14 Ocak 2018 Pazar

Burda bir müze var!





ORDA BİR MÜZE VAR UZAKTA 
Orda bir müze var, uzakta, 
O müze bizim müzemizdir.
 Gezmesek de, tozmasak da 
O müze bizim müzemizdir.

 Orda bir lahit var, uzakta, 
O lahit bizim lahitimizdir.
Yatmasak da, kalkmasak da 
O lahit bizim lahitimizdir.

 Orda bir ses var, uzakta, 
O ses bizim sesimizdir. 
Duymasak da, tınmasak da 
O ses bizim sesimizdir.

 Orda bir tümülüs var, uzakta, 
O tümülüs bizim tümülüsmüzdür.
İnmesek de, çıkmasak da
 O tümülüs bizim tümülüsdür.

 Orda bir blog var, yakında,
O blog bizim bloğumuzdur. 
Yorum yapsak da yapmasak da
O blog bizim bloğumuzdur.
  
  Ahmet Kutsi TECER 'in Orda Bir Köy şiirine An Biriktiricisi tarafından yapılmış naziredir.

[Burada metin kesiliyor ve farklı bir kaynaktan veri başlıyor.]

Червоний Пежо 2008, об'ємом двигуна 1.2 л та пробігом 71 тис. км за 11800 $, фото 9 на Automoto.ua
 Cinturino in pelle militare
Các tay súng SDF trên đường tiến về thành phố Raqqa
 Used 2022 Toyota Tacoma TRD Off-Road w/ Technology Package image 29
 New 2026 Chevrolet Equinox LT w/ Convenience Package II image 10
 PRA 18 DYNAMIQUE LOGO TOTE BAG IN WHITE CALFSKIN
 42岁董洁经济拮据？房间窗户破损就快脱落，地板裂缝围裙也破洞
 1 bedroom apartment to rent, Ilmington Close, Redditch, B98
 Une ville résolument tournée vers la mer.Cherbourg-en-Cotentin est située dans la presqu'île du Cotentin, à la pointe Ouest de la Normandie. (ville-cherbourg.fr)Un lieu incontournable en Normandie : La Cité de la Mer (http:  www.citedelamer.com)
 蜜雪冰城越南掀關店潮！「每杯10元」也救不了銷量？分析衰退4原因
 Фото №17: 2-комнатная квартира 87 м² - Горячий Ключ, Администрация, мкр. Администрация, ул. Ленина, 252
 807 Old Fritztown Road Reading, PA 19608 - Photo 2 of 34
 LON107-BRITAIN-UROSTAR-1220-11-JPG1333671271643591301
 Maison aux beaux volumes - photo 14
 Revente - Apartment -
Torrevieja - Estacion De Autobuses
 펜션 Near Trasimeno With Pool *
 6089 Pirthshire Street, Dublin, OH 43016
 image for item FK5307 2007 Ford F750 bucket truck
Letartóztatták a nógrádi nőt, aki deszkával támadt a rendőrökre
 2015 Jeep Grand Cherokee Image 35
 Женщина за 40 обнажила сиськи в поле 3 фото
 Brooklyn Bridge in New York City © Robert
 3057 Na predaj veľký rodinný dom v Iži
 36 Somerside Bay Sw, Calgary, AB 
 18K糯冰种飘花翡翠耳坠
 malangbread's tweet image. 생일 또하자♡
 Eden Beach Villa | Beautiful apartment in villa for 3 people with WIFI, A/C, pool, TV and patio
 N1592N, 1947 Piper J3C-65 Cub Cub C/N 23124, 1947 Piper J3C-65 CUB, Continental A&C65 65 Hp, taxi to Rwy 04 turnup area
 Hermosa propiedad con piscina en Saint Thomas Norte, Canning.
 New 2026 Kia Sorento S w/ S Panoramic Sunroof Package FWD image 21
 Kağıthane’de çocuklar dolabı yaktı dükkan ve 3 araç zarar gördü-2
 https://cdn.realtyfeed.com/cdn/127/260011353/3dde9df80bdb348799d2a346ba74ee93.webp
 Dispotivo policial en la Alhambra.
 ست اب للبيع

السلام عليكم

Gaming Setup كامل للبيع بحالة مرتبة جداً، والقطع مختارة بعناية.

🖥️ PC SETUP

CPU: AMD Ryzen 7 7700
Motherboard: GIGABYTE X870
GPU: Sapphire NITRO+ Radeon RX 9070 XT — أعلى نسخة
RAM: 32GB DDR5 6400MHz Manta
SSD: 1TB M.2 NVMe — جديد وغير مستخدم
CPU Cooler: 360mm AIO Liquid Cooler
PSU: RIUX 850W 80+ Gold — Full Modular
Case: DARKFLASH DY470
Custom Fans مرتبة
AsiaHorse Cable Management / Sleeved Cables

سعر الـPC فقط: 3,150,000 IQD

Naziremden de anlaşılacağı üzere bu hafta Bursa Arkeoloji Müzesi hakkında bir yazı yazdım.
Arkadaşımla Kültür parkını gezerken tevafuken karşımıza çıkan bu müzeyi çok sevdik. 
Giriş fiyatı 5 lira olduğundan rahatça girdik 😊





Bursa Arkeoloji Müzesi, Türkiye’nin ilk arkeoloji müzelerinden bir tanesi. 1972 yılına kadar Bursa Erkek Lisesi'nde sergilenen eserler 1972'den sonra Kültürparkın içndeki yeni binaya taşınmış.

Müzede; Milattan önce 15 milyon yıl öncesi fosil kalıntıları, Bizans’ın son dönemlerine ait Bithynia ve Mysia bölgelerinde bulunmuş eserler ve Anadolu’nun diğer kültürlerine ait birçok eser bulunmaktadır.





Bu eserlernden özellikle insan yaşamına ait olanlar benim çok dikkatimi çekti. Mesela yukardaki fotoğrafta dikiş iğneleri var. 


Bu fotoğrafta da iğne, iplik ve makarayı görüyoruz. Ne kadar ileri ne kadar geri gidersek gidelim bazı şeyler asla kaybolmuyor.



Çok çeşitli su kapları, sürahiler vardı. Su taşımalı yapıldığında bu alanda farklı eserler görmek daha kolay. Sadece ihtiyaç odaklı yapılanlar değil estetik olarak da ince ince düşünüp yapmış oldukları kaplar çok ilginç.



Müzedeki en eski aletlerden biri. Avcı rolüne geçen insanoğlunun ilk kullandığı aletlerden. Taşın şekli, ucuna ek bir taş -sanırım keskinliği artırmak için- taşı ip gibi bir şeyle bağlamaları; çok düşündürücü.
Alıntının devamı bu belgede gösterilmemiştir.